■ **Goal of the exercise**
Without the images, write out the entries word for word.

■ **Dataset content**
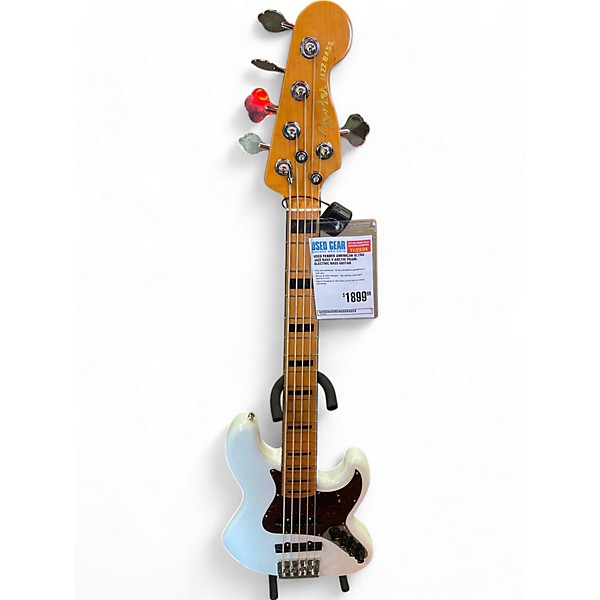 Used Fender Used Fender American Ultra Jazz Bass V Arctic Pearl Electric Bass Guitar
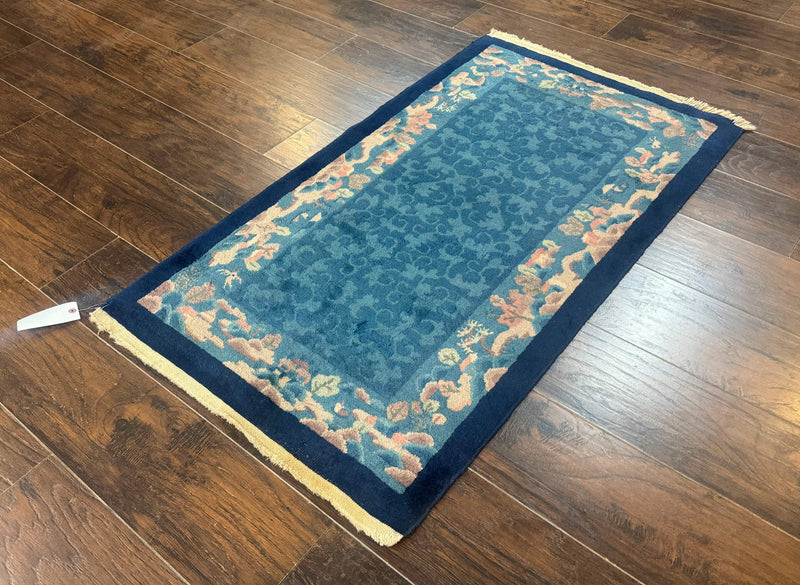 Blue Chinese Rug 2.6 x 4, Fete Rug, Peking Rug, Chinese Wool Rug, Art Deco Carpet by Jewel Rugs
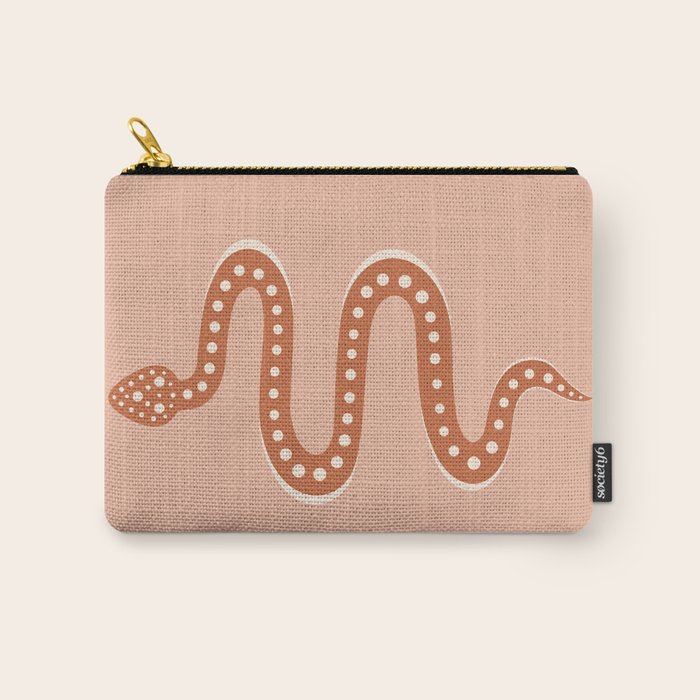 Minimal Snake - Coral & Pink Carry All Pouch Gallery Image 1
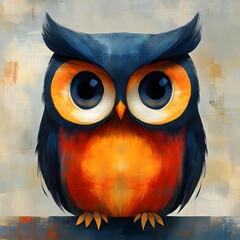 A cute owl illustration in a flat design style with watercolor textures, featuring a blue head, orange body, and large, expressive eyes.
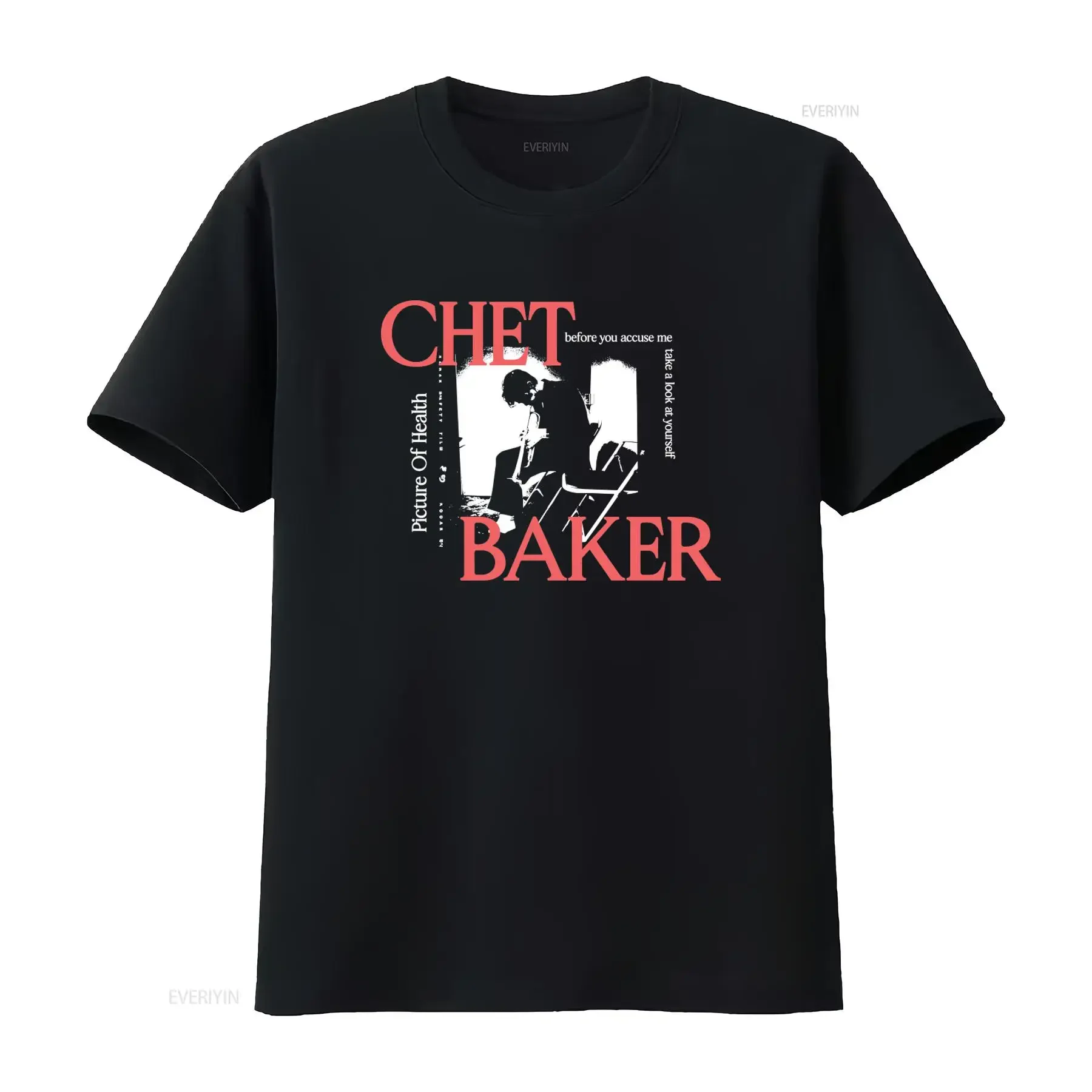 Hot CHET BAKER PICTURE OF HEALTH Cotton Black T Shirt All Sizes AA230 vintage Washed Versatile Unisex streetwear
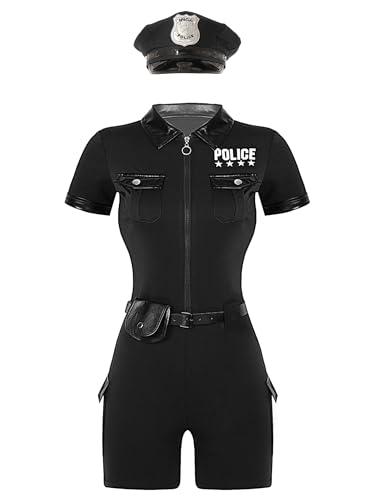 Vxuxlje Damen Polizei Kostüm Polizistin Uniform Cop Outfits Karneval Faschingskostüm Jumpsuit Kurzarm Body Einteiler Bodysuit Schwarz 3XL von Vxuxlje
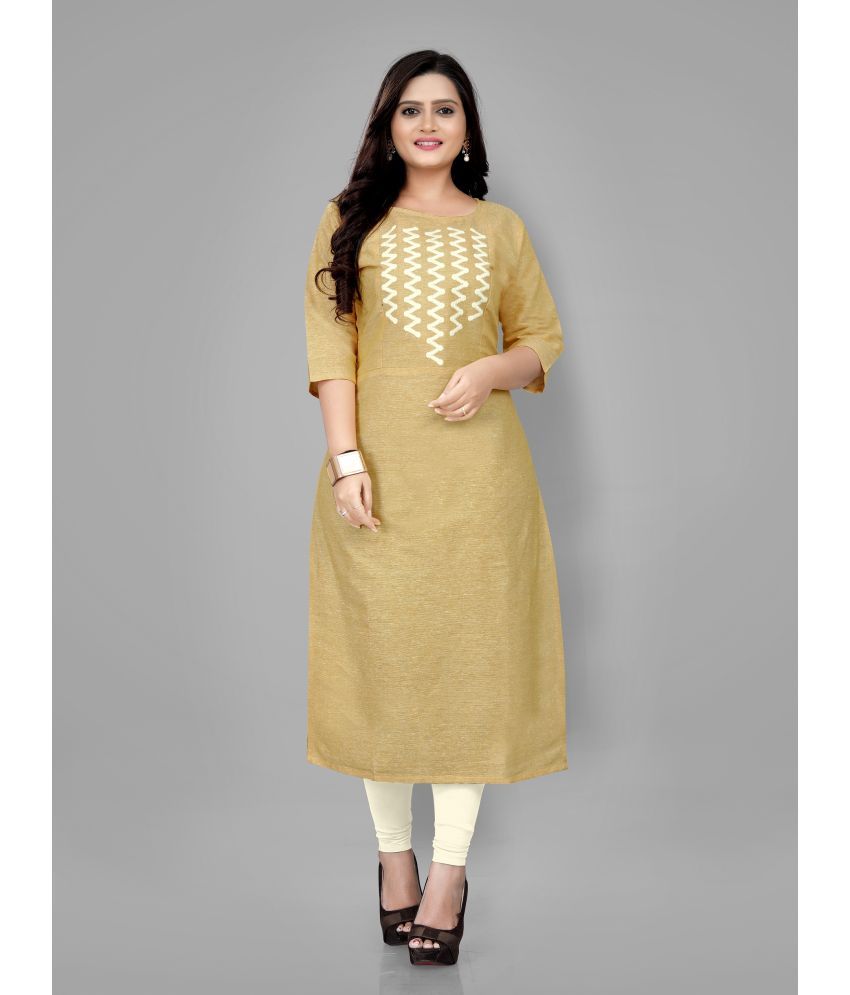     			RIAANA - Yellow Cotton Women's Straight Kurti ( Pack of 1 )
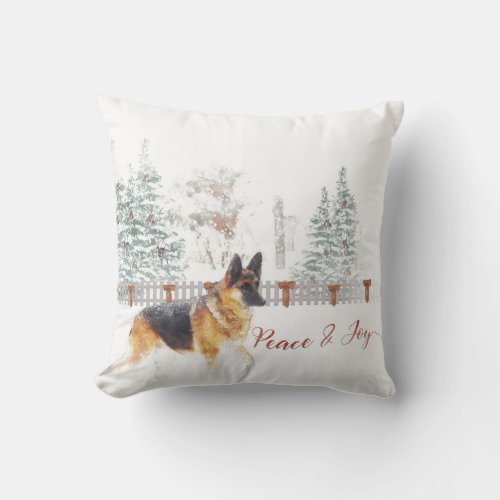 Rustic Winter Holiday Scene with German Shepherd Throw Pillow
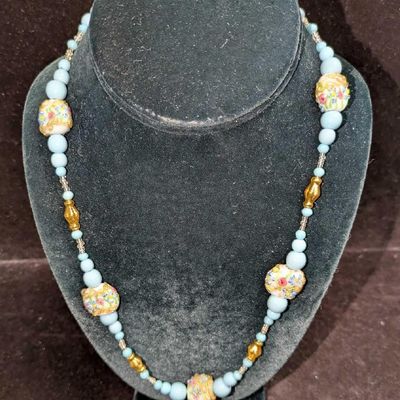 Vintage Italian Art Blue And Gold Glass Bead Necklace RRRR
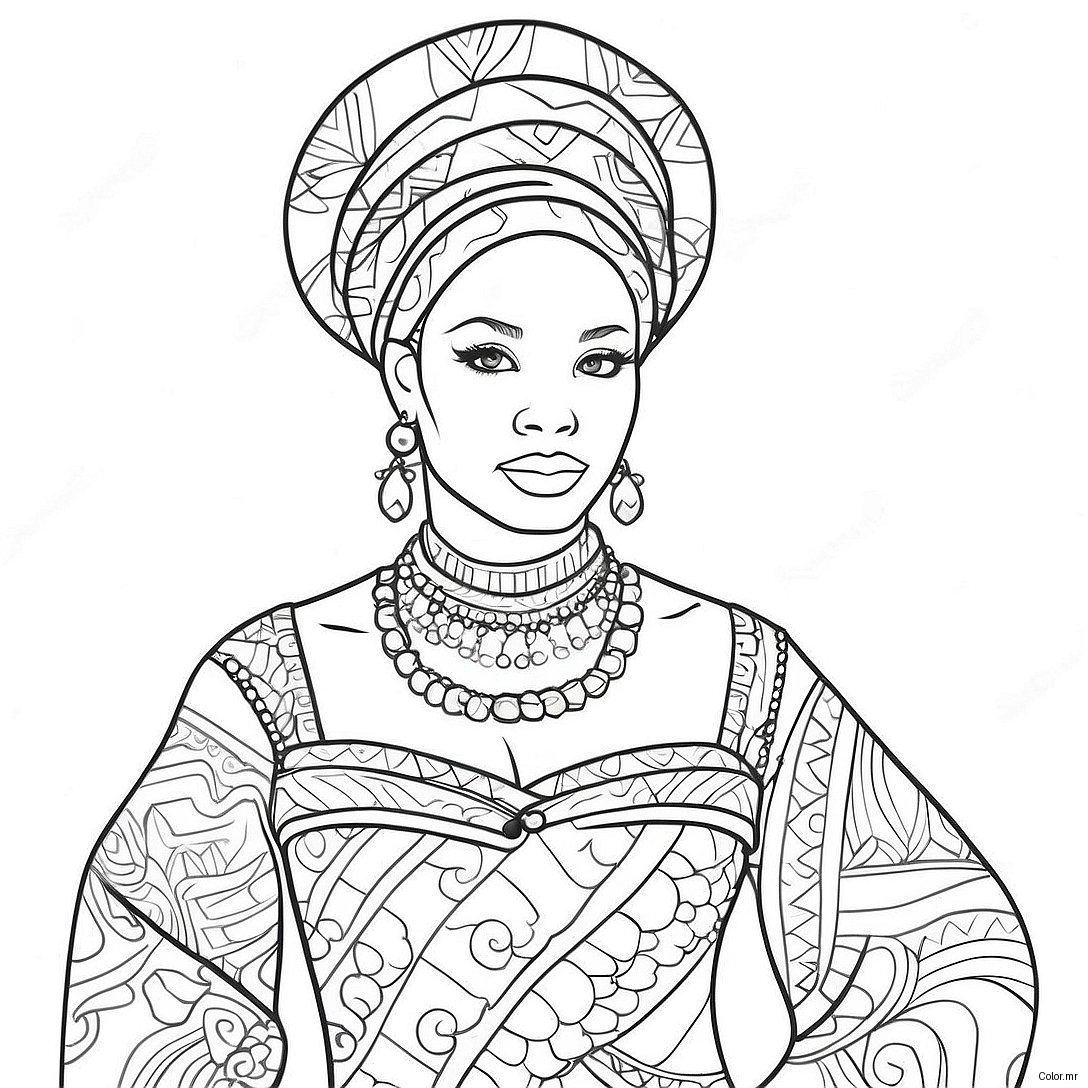 Elegant Black Woman In Traditional Dress Coloring Page 42872 35703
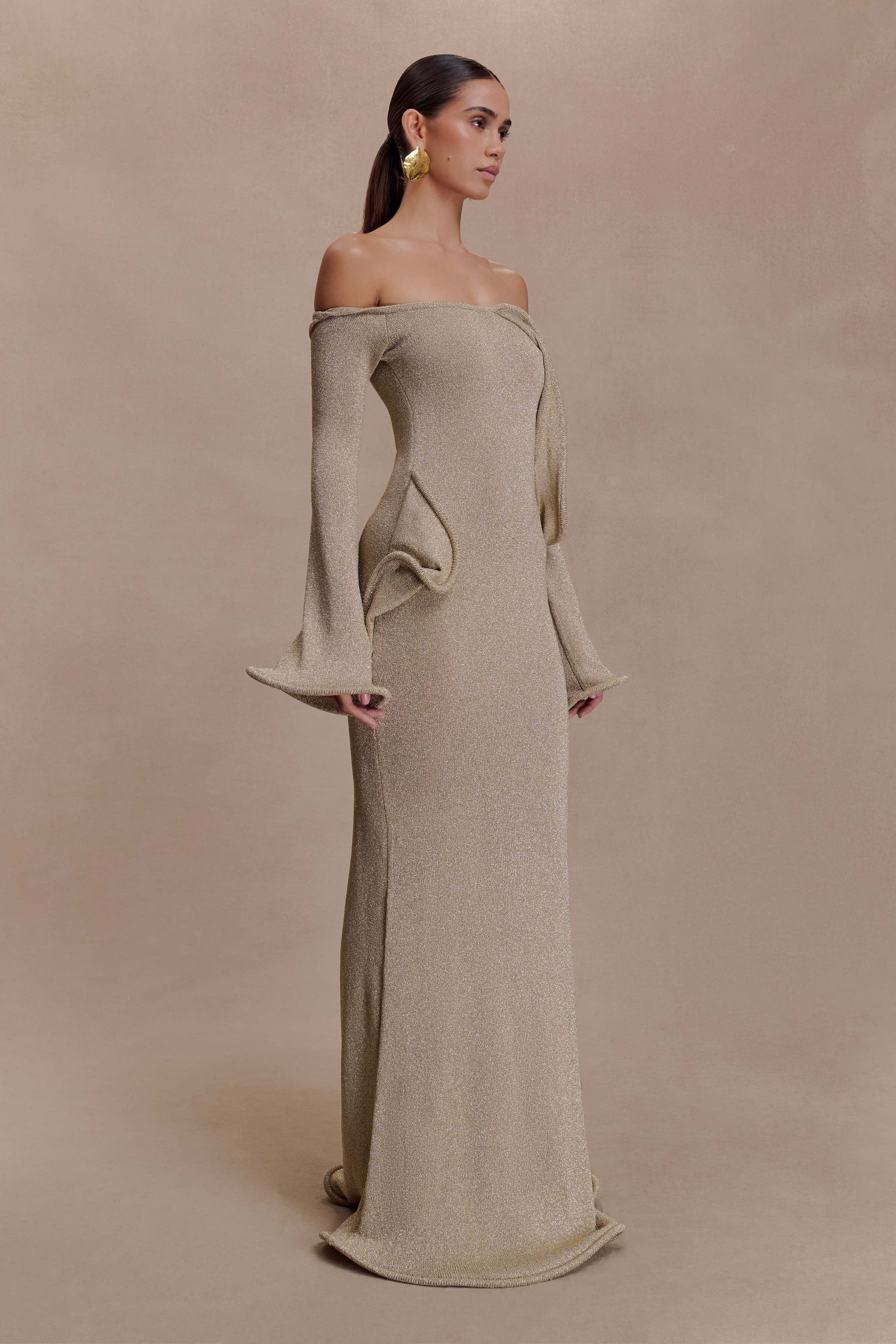 Sandrine Lurex Knit Maxi Dress - Gold #4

■ **Written reply**
 Used Fender Used Fender American Ultra Jazz Bass V Arctic Pearl Electric Bass Guitar
 Blue Chinese Rug 2.6 x 4, Fete Rug, Peking Rug, Chinese Wool Rug, Art Deco Carpet by Jewel Rugs
 Minimal Snake - Coral & Pink Carry All Pouch Gallery Image 1
 A cute owl illustration in a flat design style with watercolor textures, featuring a blue head, orange body, and large, expressive eyes.
 Hot CHET BAKER PICTURE OF HEALTH Cotton Black T Shirt All Sizes AA230 vintage Washed Versatile Unisex streetwear
 Vxuxlje Damen Polizei Kostüm Polizistin Uniform Cop Outfits Karneval Faschingskostüm Jumpsuit Kurzarm Body Einteiler Bodysuit Schwarz 3XL von Vxuxlje
     			RIAANA - Yellow Cotton Women's Straight Kurti ( Pack of 1 )
 Rustic Winter Holiday Scene with German Shepherd Throw Pillow
 Vintage Italian Art Blue And Gold Glass Bead Necklace RRRR
 Elegant Black Woman In Traditional Dress Coloring Page 42872 35703
 Sandrine Lurex Knit Maxi Dress - Gold #4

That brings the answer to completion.